## Exercise description
Output the full listing below exactly as it reads, and skip anything that is a picture.

***** Supplied material *****

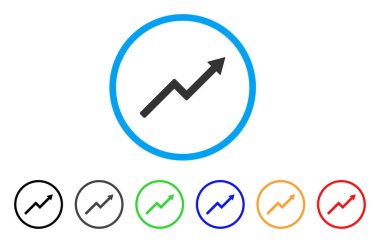 Büyüme trendi grafik yuvarlak simgesini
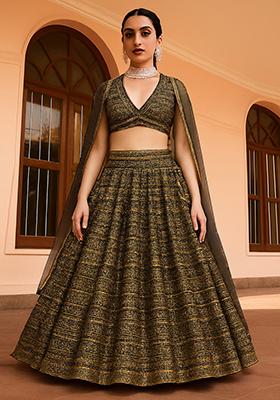 Black Sequin Embroidered Net Lehenga Set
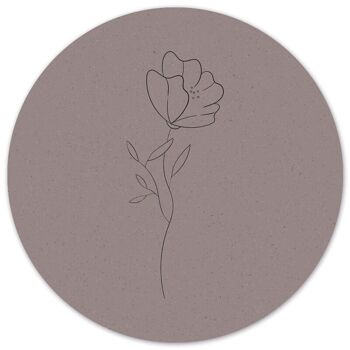 Cercle mural minimal fleur - Ø 20 cm - Forex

*****

## Expected output
 Büyüme trendi grafik yuvarlak simgesini
 Black Sequin Embroidered Net Lehenga Set
 Cercle mural minimal fleur - Ø 20 cm - Forex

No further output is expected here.